Moving averages are another tool used by futures traders to profit, mostly with the day trading method rather than a scalp trading methodology. Many market players only use the 9 and 18 day moving averages however time frames are entirely up to the individual trader.
Although moving averages are lagging indicators they are excellent for determining the market environment and making sure you are on the right side of the trade. Some traders will use the 9 and 18 day moving average to enter the market in the morning when market direction is determined in some cases, and ride the trade all day until close, profiting handsomely.
Price extremes very often send short term traders into a frenzy when indicators reveal futures contracts are reaching overbought/oversold territory. The New York Tick is one such indicator. When showing plus or minus 1000, the market is said to be in severely overbought or oversold territory and a reversal is likely.
The TRIN is also another indicator used by traders to determine the mood of the market. When the TRIN has a reading of 1.0 or above, the market is generally moving down. With a reading below 1.0, the bulls are usually in control of the market.
RSI (Relative Strength Indicator)
The Relative Strength Indicator is another indicator very popular method for determining emini signals. With a range of 0 to 100, oversold conditions are present when the indicator is nearing zero on the RSI and overbought conditions exist when the indicator is nearing the 100 mark. Many traders use the RSI in conjunction with Japanese candlestick charts and moving averages.
The Stochastic is also used by traders to determine oversold and overbought conditions and like the RSI, is has a range of zero to one hundred. Oversold conditions are implied to exist when the Stochastic is nearing or goes below 30. Overbought conditions exist when the Stochastic is nearing or reaches 70. Just like the RSI, the Stochastic is used by index futures traders along with charting software, usually found at the bottom of the chart screen.
Overbought and oversold indicators can help determine market direction and possible reversals, but are better when used with other indicators rather than being used alone to determine signals on entry and exit.
Japanese Candlestick Charts
Candlestick charts have long been the choice of many traders as well as traders across all financial markets. Developed by a rice trader in the 17th century to predict rice prices, modern traders have incorporated them into many popular trading systems.

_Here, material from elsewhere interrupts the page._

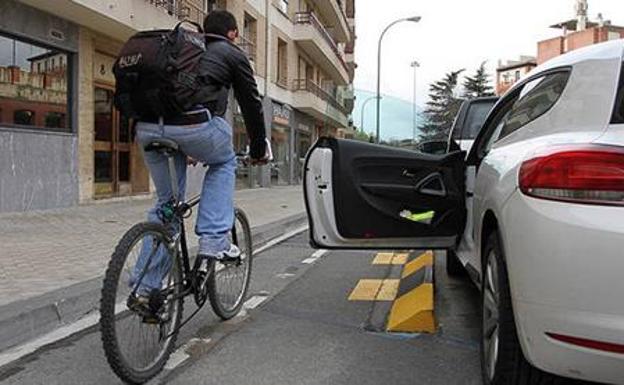 ¿Sabías que el casco no es siempre obligatorio para montar en bici? La DGT te lo aclara 82 Motor16 bici 1 Motor16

Easy to read with clearly define opening, high, low and closing levels, candlestick charts can be used across all time frames. Very popular with scalping traders, candlestick charts can be set to a one minute setting to follow even the smallest time frame. Although all traders do not employ candlestick charts, most traders would equate not using candlestick charts to driving a car blindfolded.
These are just a few of the tools utilized by successful index future traders to interpret market conditions and alert them to possible trade setups or when to exit the market. However, an trading system is a must to be successful, not only in the futures market but in any financial market.
Index futures traders live in a fluid and volatile environment where market noise is a constant. Learning to read signals for order entry and exit is part art and part science and is something that is learned only by experience and by implementing a proven trading system.